## Task prompt:
Give back the exact lines of the material below from the one containing "Sleeping Bear Under" through the one containing "Qqcute Champagne Maternity", and no pictures.

========================

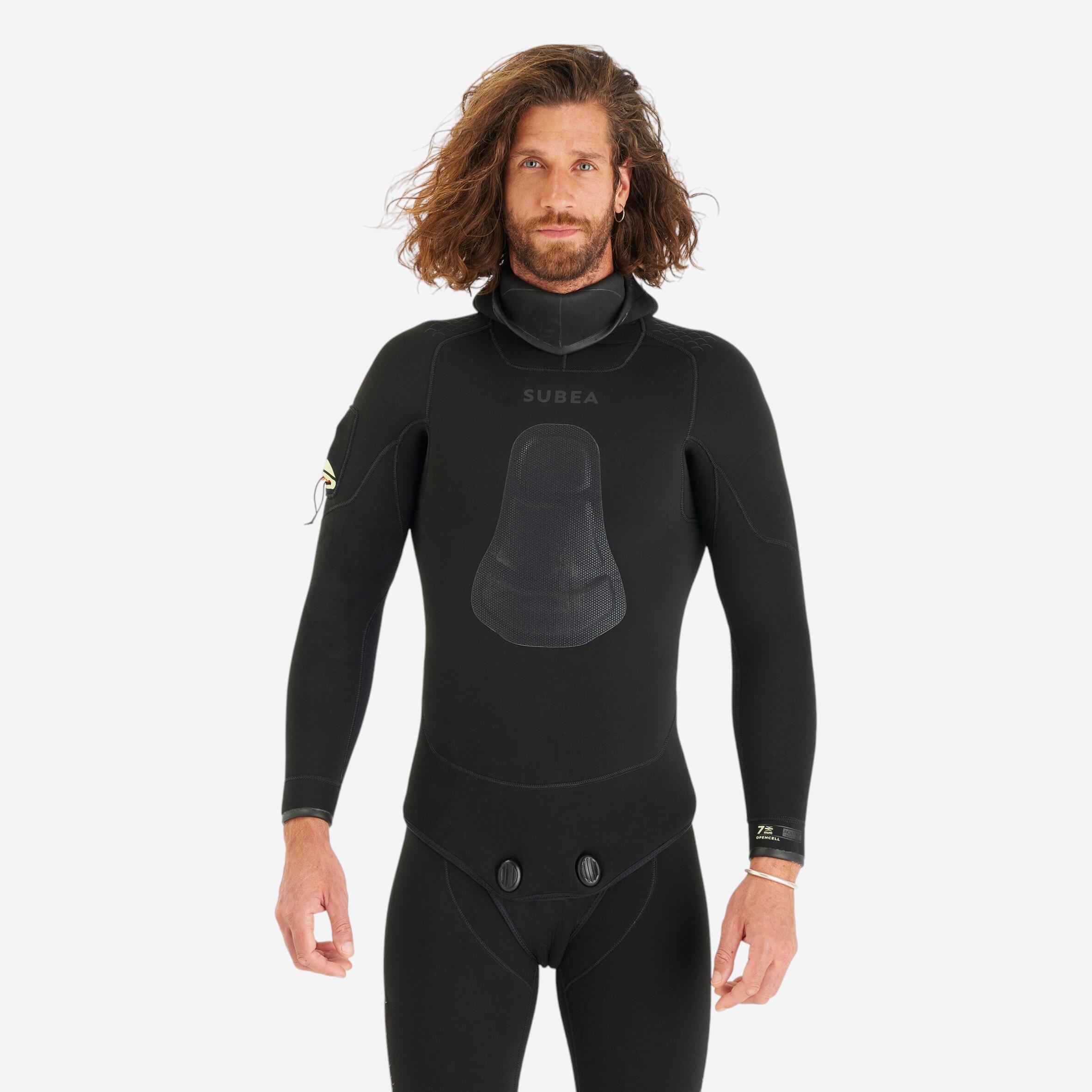 Neoprenjacke Tauchen Herren Glattneopren SPF 900 7 mm schwarz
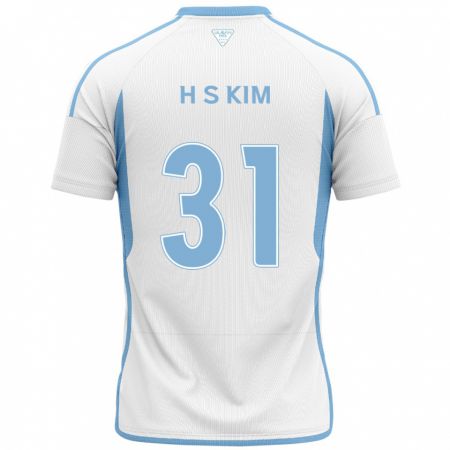 Kandiny Homme Maillot Se-Hyoung Kim #31 Blanc Bleu Tenues Extérieur 2024/25 T-Shirt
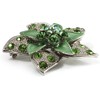 3D Enamel Crystal Flower Brooch (Light Green)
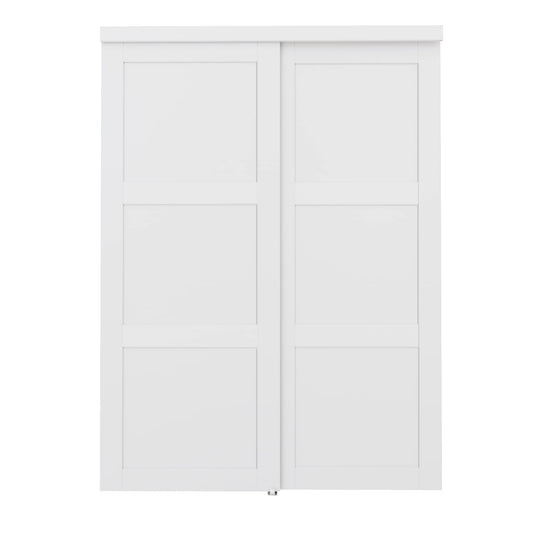 JUJUBON Closet Door 60-in x 96-in White 3-panel square Smooth Solid core Primed MDF Closet Sliding Door ( Hardware Included )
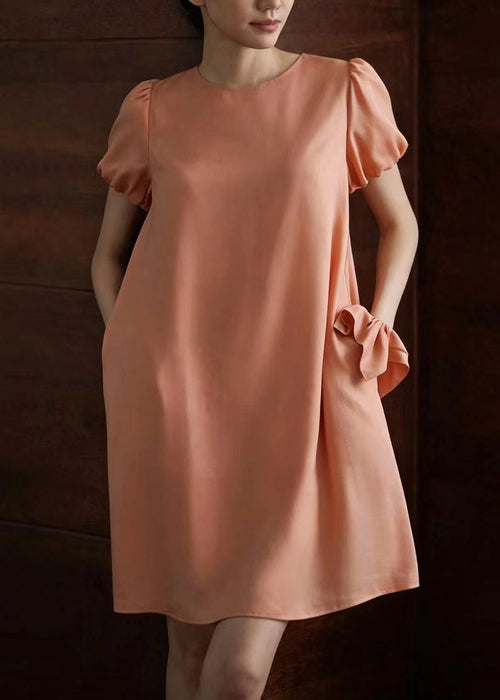 Casual Pink O-Neck Shift Dress Puff Sleeve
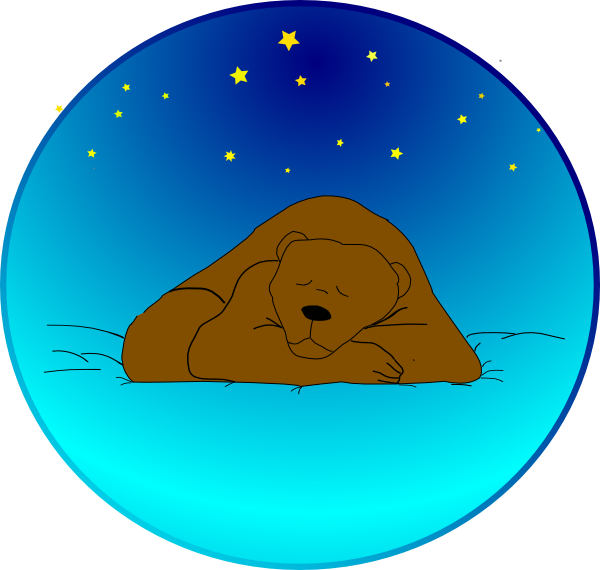 Sleeping Bear Under Stars   Circle Clip Art
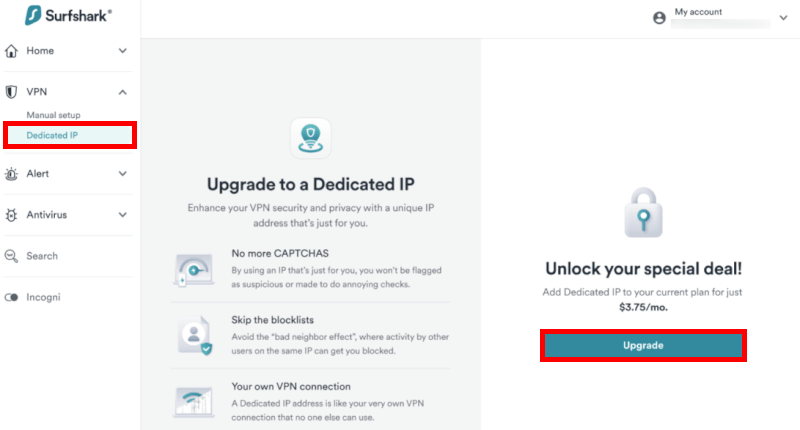 Surfshark dedicated IP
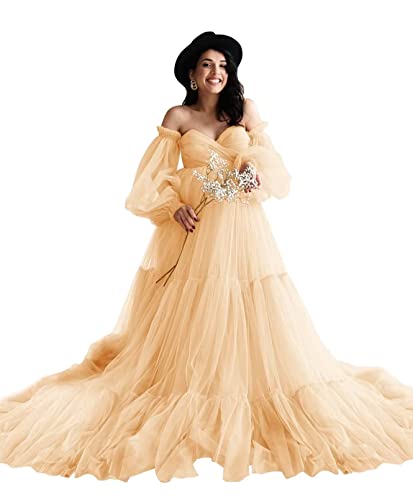 Qqcute Champagne Maternity Dress For Photoshoot Puffy Sleeves Tulle Robe Bridal Dressing Gowns Off Shoulder Pregnancy Baby Shower(S-M) #TOP15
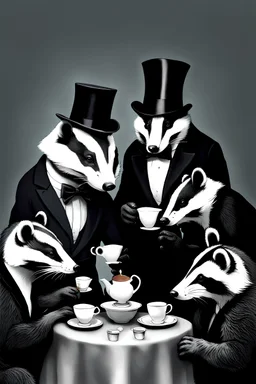 Anthropomorphic European badger wearing a tophat and having a tea party with his other anthropomorphic animal buddies. Photograph.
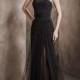 A-line Sweetheart Appliques With Belt Black Tulle Satin Prom Dress PD3349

========================

## Written solution:
 Sleeping Bear Under Stars   Circle Clip Art
 Surfshark dedicated IP
 Qqcute Champagne Maternity Dress For Photoshoot Puffy Sleeves Tulle Robe Bridal Dressing Gowns Off Shoulder Pregnancy Baby Shower(S-M) #TOP15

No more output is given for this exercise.